In my earlier blog about Napster’s launch of prepay, I observed that the market seems to be restricted as so many free P2P sites were still available.
Actually, latest figures highlighted by The Guardian, show it’s worse than that.
Research firm NPD disclosed that the number of users downloading music has fallen from a high of 1.3 million a month to 1 million. The drop off coincides with the end of launch promotions.
Meanwhile, the number of households using P2P free downloading sites has risen to 6.4 million.
This is really concerning for the legit sites.
Firstly, P2P dwarfs the legit ones, despite all the marketing dollars invested.
Secondly, the RIAA actions seems to have done nothing to discourage users from using P2P.

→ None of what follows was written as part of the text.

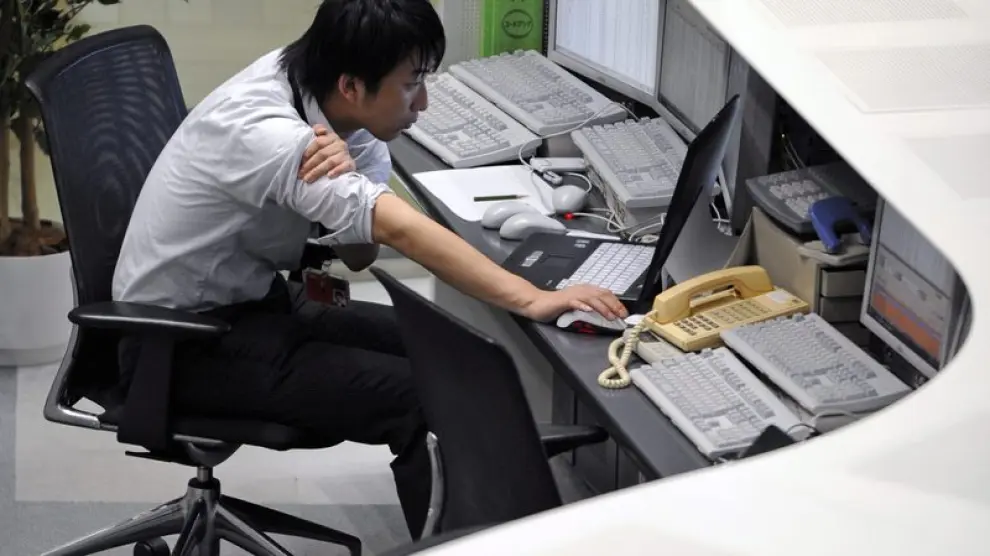 Un corredor de bolsa observa los datos bursátiles en un ordenador en la bolsa de Tokio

Thirdly, while the research tracks 40,000 computer users, I personally wouldn’t agree to being tracked if I was planning to use P2P downloads and risk being sued. So it could be that the stats for P2P use are vastly under-reported.

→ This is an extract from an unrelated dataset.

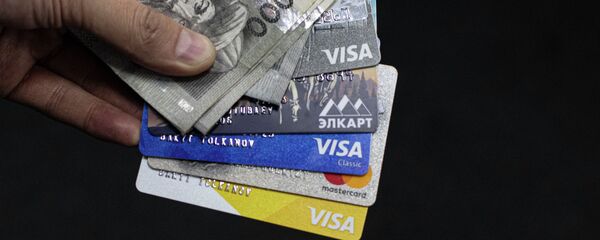 Банковские карты и тысяча сомовые купюры. Иллюстративное фото - Sputnik Кыргызстан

Fourthly, it’s becoming increasingly difficult to persuade teens on limited budgets to “do the right thing” and go legit. When all their friends are going P2P, this becomes the “normal” behaviour and paying for music becomes deviant. When user values are so out of kilter with the industry, something has to change. And it’ll have to be the record industry.
This is all sobering news for the record industry (who were holding legit downloads up as a saviour) as well as for the legit download sites themselves. Unless they can stamp out P2P (they can’t!) the future looks grim for both. They need to quickly work out how they can add value to the music itself, or they’ll go the way of vinyl.